(Beginning of PROVIDED RECORDS)
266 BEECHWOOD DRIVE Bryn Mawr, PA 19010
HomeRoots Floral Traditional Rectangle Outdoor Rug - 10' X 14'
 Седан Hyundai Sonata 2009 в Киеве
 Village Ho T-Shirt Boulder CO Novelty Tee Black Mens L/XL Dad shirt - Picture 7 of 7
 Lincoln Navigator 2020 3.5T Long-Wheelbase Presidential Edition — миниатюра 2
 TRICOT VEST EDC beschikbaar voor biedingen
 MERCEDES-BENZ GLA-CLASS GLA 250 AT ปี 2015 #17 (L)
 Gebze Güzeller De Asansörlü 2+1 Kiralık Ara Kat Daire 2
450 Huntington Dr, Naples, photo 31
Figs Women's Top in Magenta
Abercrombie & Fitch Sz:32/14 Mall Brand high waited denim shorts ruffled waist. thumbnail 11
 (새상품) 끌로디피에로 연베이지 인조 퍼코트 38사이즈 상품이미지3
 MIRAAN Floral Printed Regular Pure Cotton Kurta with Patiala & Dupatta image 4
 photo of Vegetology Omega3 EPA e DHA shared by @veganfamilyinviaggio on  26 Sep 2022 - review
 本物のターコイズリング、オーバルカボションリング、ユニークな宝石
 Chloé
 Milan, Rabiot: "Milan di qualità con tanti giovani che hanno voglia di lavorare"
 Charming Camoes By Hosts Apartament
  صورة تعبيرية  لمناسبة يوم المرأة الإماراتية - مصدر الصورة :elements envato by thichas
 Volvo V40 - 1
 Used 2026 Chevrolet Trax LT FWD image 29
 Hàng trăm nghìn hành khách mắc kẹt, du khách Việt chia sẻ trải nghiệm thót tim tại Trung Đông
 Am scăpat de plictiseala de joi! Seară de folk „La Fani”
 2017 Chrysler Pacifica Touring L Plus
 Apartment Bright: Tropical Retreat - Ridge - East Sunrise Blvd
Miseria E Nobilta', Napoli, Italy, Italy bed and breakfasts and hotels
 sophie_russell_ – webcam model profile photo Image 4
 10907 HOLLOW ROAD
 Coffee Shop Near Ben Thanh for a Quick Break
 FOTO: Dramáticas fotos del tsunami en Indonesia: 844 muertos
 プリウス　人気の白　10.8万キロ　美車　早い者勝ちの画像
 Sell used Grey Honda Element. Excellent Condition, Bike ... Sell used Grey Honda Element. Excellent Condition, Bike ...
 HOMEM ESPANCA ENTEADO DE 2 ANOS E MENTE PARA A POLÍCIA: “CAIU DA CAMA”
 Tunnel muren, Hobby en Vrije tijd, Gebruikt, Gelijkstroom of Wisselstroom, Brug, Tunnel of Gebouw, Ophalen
(End of PROVIDED RECORDS)
From the opening line of the data above, please print each line as written up to and including the line that contains "Figs Women's Top in Magenta", and nothing more.

266 BEECHWOOD DRIVE Bryn Mawr, PA 19010
HomeRoots Floral Traditional Rectangle Outdoor Rug - 10' X 14'
 Седан Hyundai Sonata 2009 в Киеве
 Village Ho T-Shirt Boulder CO Novelty Tee Black Mens L/XL Dad shirt - Picture 7 of 7
 Lincoln Navigator 2020 3.5T Long-Wheelbase Presidential Edition — миниатюра 2
 TRICOT VEST EDC beschikbaar voor biedingen
 MERCEDES-BENZ GLA-CLASS GLA 250 AT ปี 2015 #17 (L)
 Gebze Güzeller De Asansörlü 2+1 Kiralık Ara Kat Daire 2
450 Huntington Dr, Naples, photo 31
Figs Women's Top in Magenta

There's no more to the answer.